Jerry Schumacher (born August 6, 1970) is an American coach for track and field and cross country. Since 2022, he has been the head coach of the University of Oregon's track and field and cross country programs. He has also served as the head coach for the Bowerman Track Club, where he has coached several high profile athletes. Before his tenure at the Bowerman Track Club, he was the head coach at the University of Wisconsin-Madison.

== Coaching ==

Schumacher began his coaching career as an assistant coach at the University of North Carolina in 1997. The following year, at age 28, he accepted a job offer from the University of Wisconsin-Madison. Under his direction, the program won two NCAA titles. In June 2008, Schumacher moved to the Nike Oregon Project. In 2014, Schumacher became the head coach of the Bowerman Track Club, a Nike-sponsored group based in Eugene, Oregon. He coached numerous Olympians while at Bowerman, including Mohammed Ahmed, Grant Fisher, Evan Jager, and Elise Cranny.
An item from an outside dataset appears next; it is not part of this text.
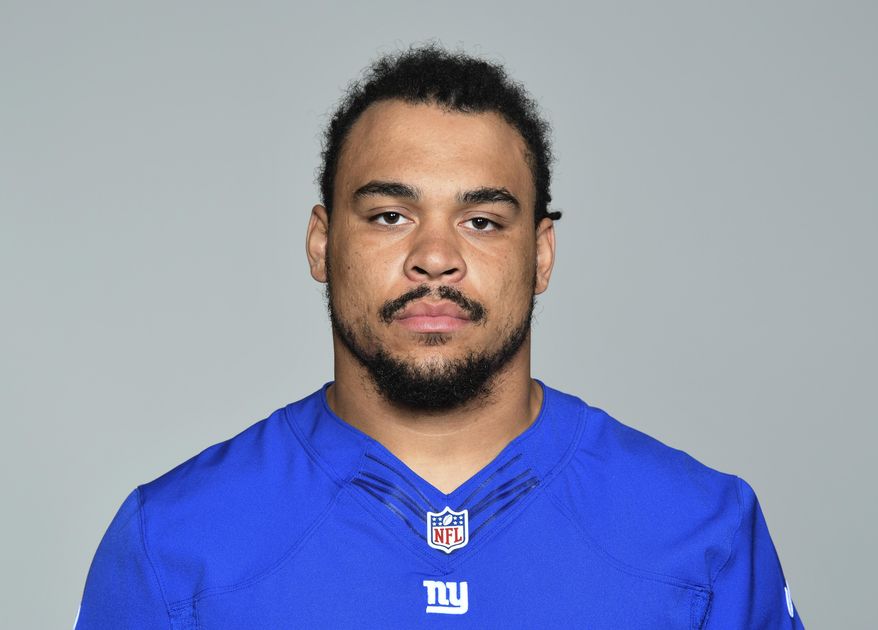 FILE - This is a 2016 file photo showing Nikita Whitlock of the New York Giants NFL football team. Police are investigating a break-in and racist graffiti scrawled on the wall at the New Jersey home of an injured New York Giants player. Moonachie police Sgt. Richard Behrens tells The Record police are investigating the break-in at Nikita Whitlock's home as a hate crime. Whitlock, who's black, showed the graffiti to reporters, including "KKK" and a swastika. The name "Trump" was also written on the wall in marker. (AP Photo/File)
In July 2022, the University of Oregon appointed Schumacher as the head coach for its cross country and track teams. He retained his position as the coach of the Bowerman Track Club, coaching both collegiate and professional athletes simultaneously. According to the Oregonian, Schumacher's seven-year contract with the University of Oregon amounted to $3.4 million.

== Personal ==
Schumacher competed collegiately for the University of Wisconsin-Madison, where he specialized in the 1500 metres. He set a personal best of 3:39.46 in the event in 1993. Schumacher is the father of 4 children.